(DATA IN THIS EXERCISE Opens)

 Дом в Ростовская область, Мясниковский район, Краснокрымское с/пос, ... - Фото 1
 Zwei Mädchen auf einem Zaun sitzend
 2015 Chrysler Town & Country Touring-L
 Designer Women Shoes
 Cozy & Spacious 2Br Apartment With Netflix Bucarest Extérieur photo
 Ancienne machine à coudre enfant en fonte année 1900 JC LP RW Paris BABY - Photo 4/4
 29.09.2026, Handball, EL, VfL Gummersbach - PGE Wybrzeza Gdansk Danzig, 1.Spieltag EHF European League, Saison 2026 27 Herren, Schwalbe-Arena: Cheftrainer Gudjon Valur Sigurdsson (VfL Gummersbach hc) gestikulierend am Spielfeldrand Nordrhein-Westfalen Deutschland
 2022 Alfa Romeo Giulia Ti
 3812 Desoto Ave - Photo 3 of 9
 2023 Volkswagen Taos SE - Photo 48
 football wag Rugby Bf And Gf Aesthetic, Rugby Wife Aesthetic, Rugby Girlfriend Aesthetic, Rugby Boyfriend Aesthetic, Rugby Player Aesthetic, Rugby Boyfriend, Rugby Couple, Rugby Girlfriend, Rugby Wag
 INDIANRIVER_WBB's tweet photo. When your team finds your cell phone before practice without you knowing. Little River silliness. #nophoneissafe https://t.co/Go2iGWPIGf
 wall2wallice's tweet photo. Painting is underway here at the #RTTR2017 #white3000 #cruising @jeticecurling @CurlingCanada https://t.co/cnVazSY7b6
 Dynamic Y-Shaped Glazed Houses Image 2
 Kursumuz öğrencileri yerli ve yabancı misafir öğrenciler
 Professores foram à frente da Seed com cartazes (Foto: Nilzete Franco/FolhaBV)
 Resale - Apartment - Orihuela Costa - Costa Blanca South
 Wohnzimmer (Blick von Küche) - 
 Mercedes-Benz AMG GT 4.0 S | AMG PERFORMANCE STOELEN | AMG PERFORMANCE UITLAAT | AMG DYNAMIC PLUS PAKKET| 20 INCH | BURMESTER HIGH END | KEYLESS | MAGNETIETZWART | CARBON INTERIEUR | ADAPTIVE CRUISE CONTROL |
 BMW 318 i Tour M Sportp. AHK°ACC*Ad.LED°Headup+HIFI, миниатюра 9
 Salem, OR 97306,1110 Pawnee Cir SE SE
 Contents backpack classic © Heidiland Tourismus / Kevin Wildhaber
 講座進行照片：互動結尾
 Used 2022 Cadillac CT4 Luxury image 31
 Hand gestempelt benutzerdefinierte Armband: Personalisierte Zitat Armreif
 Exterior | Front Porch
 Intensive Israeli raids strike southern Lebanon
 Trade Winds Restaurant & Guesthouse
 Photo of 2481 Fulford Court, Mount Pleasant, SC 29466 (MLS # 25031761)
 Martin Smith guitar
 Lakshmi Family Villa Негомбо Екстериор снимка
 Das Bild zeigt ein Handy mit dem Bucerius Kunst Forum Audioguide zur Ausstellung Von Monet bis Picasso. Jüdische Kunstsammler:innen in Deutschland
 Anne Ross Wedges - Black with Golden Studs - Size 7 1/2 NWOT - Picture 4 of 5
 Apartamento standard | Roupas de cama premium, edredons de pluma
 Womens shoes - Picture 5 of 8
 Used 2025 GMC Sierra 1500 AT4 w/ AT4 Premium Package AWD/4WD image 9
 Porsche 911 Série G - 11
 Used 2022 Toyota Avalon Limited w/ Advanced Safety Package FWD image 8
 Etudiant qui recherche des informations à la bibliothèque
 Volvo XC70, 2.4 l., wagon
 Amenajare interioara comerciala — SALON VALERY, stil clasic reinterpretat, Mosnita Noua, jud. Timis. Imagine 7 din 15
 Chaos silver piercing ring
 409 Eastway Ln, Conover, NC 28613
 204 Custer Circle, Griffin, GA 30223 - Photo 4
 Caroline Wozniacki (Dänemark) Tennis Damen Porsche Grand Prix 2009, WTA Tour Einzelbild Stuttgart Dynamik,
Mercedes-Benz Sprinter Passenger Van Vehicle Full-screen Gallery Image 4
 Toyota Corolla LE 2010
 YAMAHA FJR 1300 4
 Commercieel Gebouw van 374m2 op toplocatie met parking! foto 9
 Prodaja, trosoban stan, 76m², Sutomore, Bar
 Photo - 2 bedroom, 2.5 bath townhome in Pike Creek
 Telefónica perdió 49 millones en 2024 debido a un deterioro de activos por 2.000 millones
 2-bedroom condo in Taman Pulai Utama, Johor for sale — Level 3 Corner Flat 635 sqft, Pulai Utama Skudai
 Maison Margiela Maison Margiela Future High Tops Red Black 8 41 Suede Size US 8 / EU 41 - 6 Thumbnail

(DATA IN THIS EXERCISE Closes)

## WHAT IS REQUIRED
Above are the records. Print exactly, and only, the lines from the line with "Used 2025 GMC" to the line with "YAMAHA FJR 1300 4", both inclusive.

## ANSWER FOR THE TASK
 Used 2025 GMC Sierra 1500 AT4 w/ AT4 Premium Package AWD/4WD image 9
 Porsche 911 Série G - 11
 Used 2022 Toyota Avalon Limited w/ Advanced Safety Package FWD image 8
 Etudiant qui recherche des informations à la bibliothèque
 Volvo XC70, 2.4 l., wagon
 Amenajare interioara comerciala — SALON VALERY, stil clasic reinterpretat, Mosnita Noua, jud. Timis. Imagine 7 din 15
 Chaos silver piercing ring
 409 Eastway Ln, Conover, NC 28613
 204 Custer Circle, Griffin, GA 30223 - Photo 4
 Caroline Wozniacki (Dänemark) Tennis Damen Porsche Grand Prix 2009, WTA Tour Einzelbild Stuttgart Dynamik,
Mercedes-Benz Sprinter Passenger Van Vehicle Full-screen Gallery Image 4
 Toyota Corolla LE 2010
 YAMAHA FJR 1300 4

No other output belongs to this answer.